Metadata-Version: 2.4
Name: lazybear-polars
Version: 0.3.1
Summary: Polars-like lazy access to a database.
Author-email: dcronkite <dcronkite+pypi@gmail.com>
License-Expression: MIT
Project-URL: Homepage, https://github.com/kpwhri/lazybear
Project-URL: Repository, https://github.com/kpwhri/lazybear
Project-URL: Issues, https://github.com/kpwhri/lazybear/issues
Project-URL: Documentation, https://kpwhri.github.io/lazybear/
Classifier: Development Status :: 4 - Beta
Classifier: Programming Language :: Python :: 3
Requires-Python: >=3.10
Description-Content-Type: text/markdown
License-File: LICENSE.txt
Requires-Dist: polars>=1.40.1
Requires-Dist: pyarrow>=24.0.0
Requires-Dist: sqlalchemy>=2.0.49
Dynamic: license-file

# LazyBear

LazyBear is a polars-flavored lazy SQL query builder on top of sqlalchemy.

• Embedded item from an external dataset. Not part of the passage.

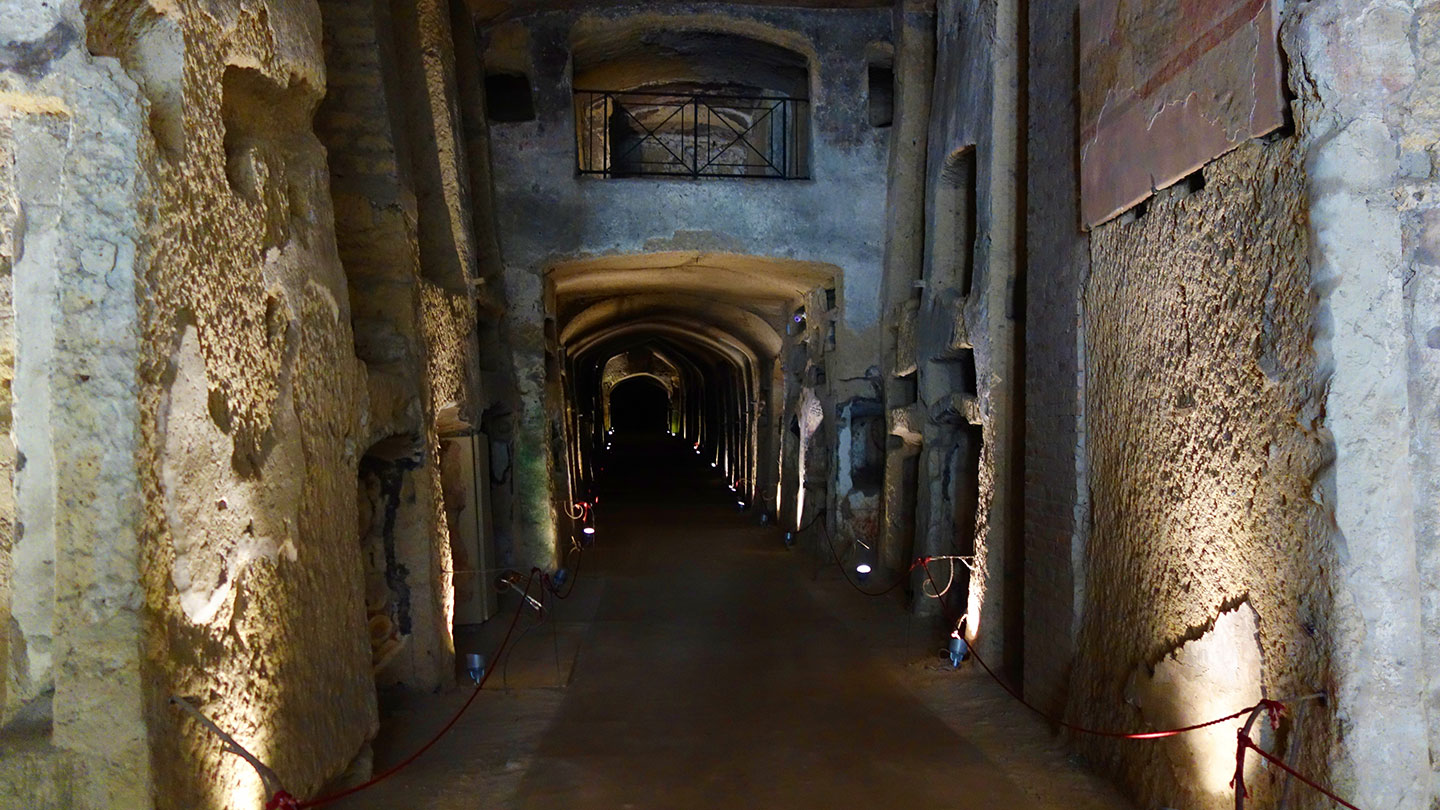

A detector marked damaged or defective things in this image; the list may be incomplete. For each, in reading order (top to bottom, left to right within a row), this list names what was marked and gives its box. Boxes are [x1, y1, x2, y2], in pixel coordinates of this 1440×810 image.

It lets you compose familiar
transformations like `select`, `filter`, `with_columns`, `join`, `group_by().agg(...)`, and `sort`/`order_by` against a
SQL database, and then materialize results to polars or arrow (or stream them in batches).

The purpose of this library is to provide lazy, polars-like access to a single sql database server, providing multi-site
(and multi-server) stable code while pushing most memory-intensive operations to the remote server.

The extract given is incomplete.